Users should keep an eye on which specific applications are downloaded from the services, Softline Group Director of Information Security told Izvestia Maxim Chashchin. Now, according to him, there are many clone sites and applications that have enough vulnerabilities inside, or they were originally created to steal data and read information from the device. When auditing the IT landscape and systems, weaknesses are immediately visible: encryption errors, outdated software, and SQL injection vulnerabilities, the expert notes.

"It's hardly possible to talk about any privacy when using modern devices — analytical trackers collect information about user movements, purchases, search queries, and so on," says Roman Safiullin, head of information security at InfoWatch ARMA. — Trackers in travel applications do not differ globally from similar trackers in many other applications — they also collect information about user behavior in order to create a "digital portrait" of him and then offer him more suitable goods and services through targeted advertising.
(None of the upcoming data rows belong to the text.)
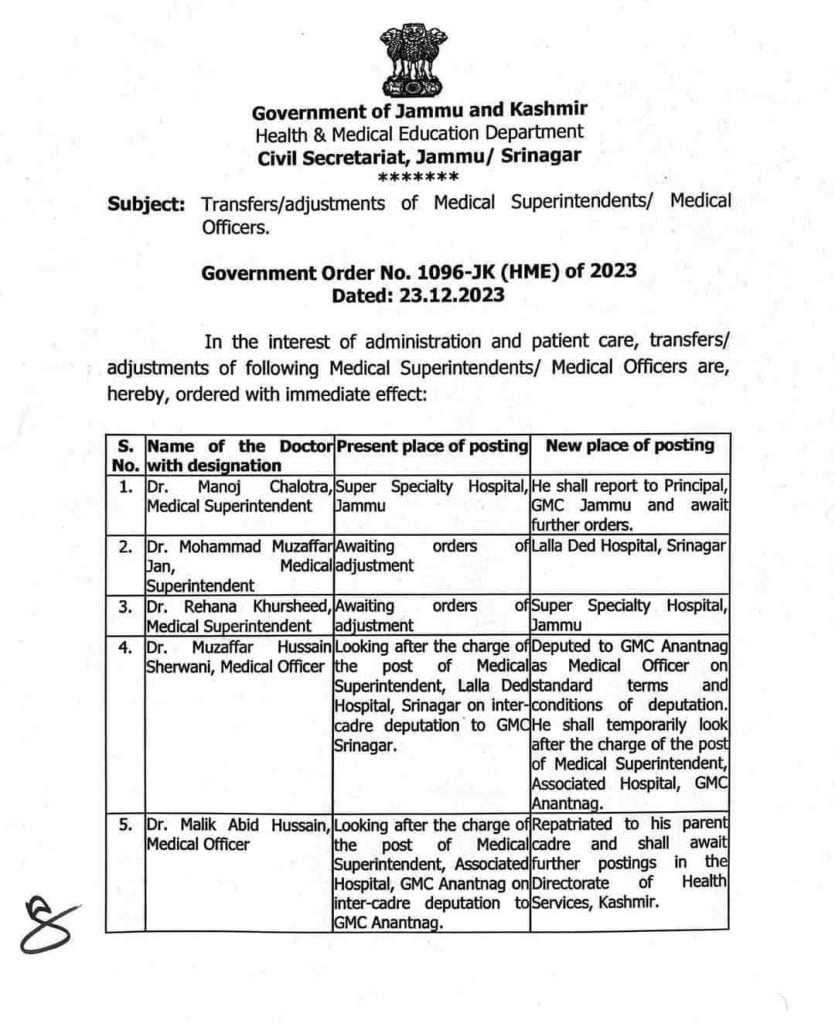 Transfers and Adjustments in Medical Superintendent and Medical Officers Posts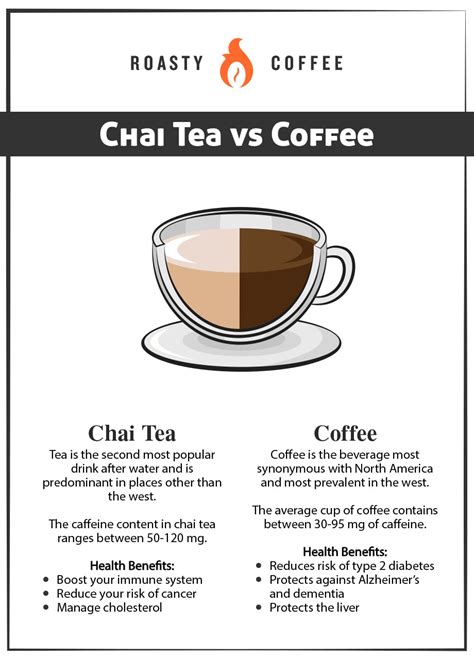 Chai Tea vs. Coffee: Is One Better Than The Other?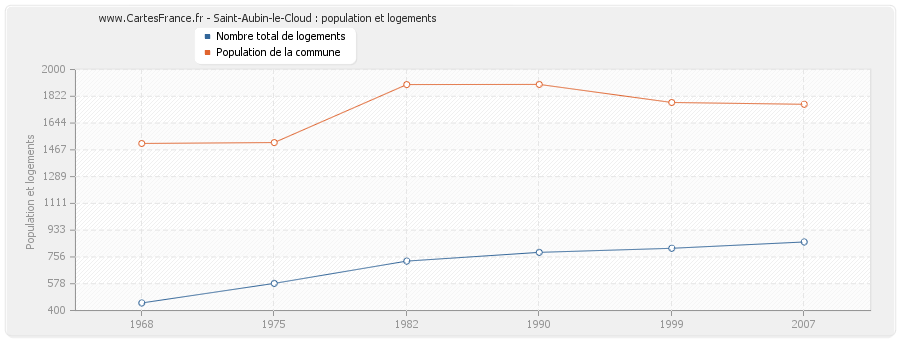 Saint-Aubin-le-Cloud : population et logements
Photo: IZVESTIA/Sergey Lantyukhov

Maxim Chashchin urges not to forget about caution. You should always use multi-factor authentication and be careful when using unsecured Wi-Fi networks, especially at airports, food courts, parks, and transportation. It is necessary to check whether a particular hotel service is available in other sources: on maps and on other resources. Also, do not accept all consents at once, read the notifications carefully, and do not save or store card data inside unreliable services. It is worth getting special virtual cards for specific trips with small amounts, no more than 10-20 thousand rubles. It's better to take the time and enter them manually and once.